It is estimated that 20% of men and 5% of women between 30 and 35 years of age snore and that this increases to 50% of men and 30% of women over 60 years of age, of whom about a third habitually snore. Snoring is related to obesity and the use of sedatives and alcohol.
Snoring can disrupt family life. When habitual, it may result in the person who snores sleeping alone. Snoring may cause other family members sleepless nights and thus resentment.
How does snoring occur?
The physiological mechanisms which control breathing change in sleep. Key factors include:
Muscle relaxation in sleep
Negative inspiratory pressure
Loose pharyngeal tissues.
Grade 1 : Occasional snorer - often related to sleep position, alcohol and fatigue
Grade 2 : Habitual snorer - may be associated with upper airway resistance syndrome or mild obstructive sleep apnea syndrome
We now understand that snoring is due to abnormal vibration and narrowing of the pharyngeal part of the upper airway.
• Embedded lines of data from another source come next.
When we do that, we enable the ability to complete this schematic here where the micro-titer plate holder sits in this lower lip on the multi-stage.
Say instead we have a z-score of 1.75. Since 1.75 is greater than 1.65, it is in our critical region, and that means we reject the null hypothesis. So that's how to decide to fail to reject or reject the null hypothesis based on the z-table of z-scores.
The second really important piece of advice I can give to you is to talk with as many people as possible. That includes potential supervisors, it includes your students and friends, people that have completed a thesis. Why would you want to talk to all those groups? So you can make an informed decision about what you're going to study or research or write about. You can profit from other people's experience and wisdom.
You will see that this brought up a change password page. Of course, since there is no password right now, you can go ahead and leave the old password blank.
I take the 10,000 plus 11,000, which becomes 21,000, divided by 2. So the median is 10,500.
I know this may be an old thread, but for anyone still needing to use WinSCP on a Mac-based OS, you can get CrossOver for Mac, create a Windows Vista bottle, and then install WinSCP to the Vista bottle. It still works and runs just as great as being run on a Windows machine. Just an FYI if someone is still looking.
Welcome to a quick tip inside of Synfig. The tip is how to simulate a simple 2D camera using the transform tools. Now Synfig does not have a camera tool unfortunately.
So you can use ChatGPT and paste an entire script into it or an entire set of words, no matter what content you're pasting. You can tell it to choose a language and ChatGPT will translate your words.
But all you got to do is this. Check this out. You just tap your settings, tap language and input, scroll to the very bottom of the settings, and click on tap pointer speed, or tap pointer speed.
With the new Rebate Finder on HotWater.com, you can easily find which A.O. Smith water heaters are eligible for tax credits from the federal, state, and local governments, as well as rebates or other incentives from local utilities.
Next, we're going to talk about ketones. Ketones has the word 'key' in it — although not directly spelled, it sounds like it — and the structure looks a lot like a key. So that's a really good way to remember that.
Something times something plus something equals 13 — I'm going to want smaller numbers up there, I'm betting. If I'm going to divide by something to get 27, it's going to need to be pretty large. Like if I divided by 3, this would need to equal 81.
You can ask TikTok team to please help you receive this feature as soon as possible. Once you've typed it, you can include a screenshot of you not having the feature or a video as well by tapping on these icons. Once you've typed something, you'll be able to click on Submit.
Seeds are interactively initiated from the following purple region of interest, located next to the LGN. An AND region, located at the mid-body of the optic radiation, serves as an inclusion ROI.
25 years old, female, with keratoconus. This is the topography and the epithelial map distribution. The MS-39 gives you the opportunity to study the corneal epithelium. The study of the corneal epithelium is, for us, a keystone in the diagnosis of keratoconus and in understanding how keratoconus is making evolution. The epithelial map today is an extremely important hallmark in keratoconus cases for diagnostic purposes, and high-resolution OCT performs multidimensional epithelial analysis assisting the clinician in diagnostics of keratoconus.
Snoring occurs when the inspiratory airflow causes the loose tissues of the upper airway to vibrate. The loose tissues involved are primarily the soft palate and the uvula; however, the nasopharyngeal tissues, tonsils, pharyngeal walls and tongue base can all contribute.
On inspiration , air taken in through the nose flutters the palate from above and air taken in through the mouth vibrates the palate from below. The more unstable the airflow, the greater the palatal flutter and the louder the snoring.
Choking, heavy snoring is often due to the tongue base vibrating against the back of the pharynx.